Exercise: From the records below, transcribe exactly the lines that begin at the line with "a house with" and end at the line with "快乐的女子大耳机听音乐放松背景图片", both included.

Provided data:
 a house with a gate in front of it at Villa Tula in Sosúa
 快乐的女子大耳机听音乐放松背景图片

--

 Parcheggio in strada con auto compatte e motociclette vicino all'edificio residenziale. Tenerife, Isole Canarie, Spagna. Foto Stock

Response area:
 a house with a gate in front of it at Villa Tula in Sosúa
 快乐的女子大耳机听音乐放松背景图片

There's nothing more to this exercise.